Having undergone career-threatening neck surgery might have been the hardest thing Rhyno has ever had to do. Intially, his diagnosis predicted an almost complete recovery with a target return of one year -- but after Rhyno underwent the procedure, he encountered a few setbacks and realized returning to the ring was going to be a bigger struggle than he'd originally anticipated.

"The surgery went fine. I mean, pain is pain," says Rhyno. "The toughest part was just sitting around and waiting for the bones to fuse. There's no therapy. The doctor said I could do light weight training after three weeks but nothing over the head and I could only use about five pounds. But in the beginning, I was so depressed that I didn't take to it."

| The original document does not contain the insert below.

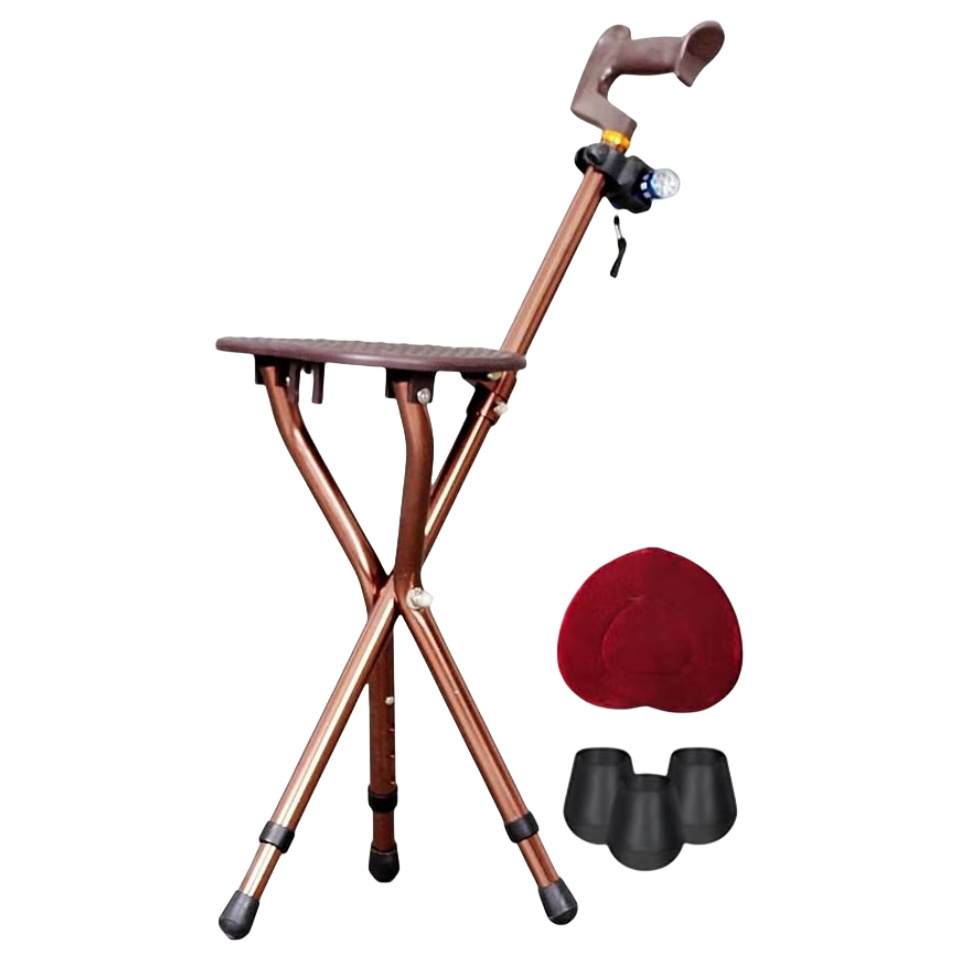 Walking Cane with Folding Seat Adjustable Canes with Seats for Heavy Weight Thick Aluminum Alloy Cane Stool Seat Chairs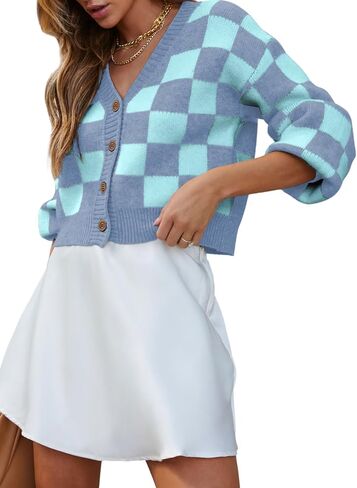 سترة نسائية من Dokotoo ذات مربعات ورقبة على شكل حرف V وأزرار سفلية وأكمام طويلة منسوجة بالكابل وسترات كارديجان قصيرة in Kuwait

Two-and-a-half months after surgery, Rhyno recognized self-pity wasn't going to help him get back into the ring and he snapped out of his rut and began hitting the weights full time.

He had a lot of work to do.

His muscles shrank so much his 12-lb. dog would cause him excruciating pain just by standing on his chest.

However, Rhyno's now back in the ring plying his trade again, albeit a little more carefully, as per doctor's orders.

"He told me to steer clear of getting dropped on my head, so I'm going to try and stay away from piledrivers," says Rhyno. "But interestingly, he also cautioned me that I can't keep my shoulder blades flat on the mat for more than two seconds, which means I should avoid getting pinned."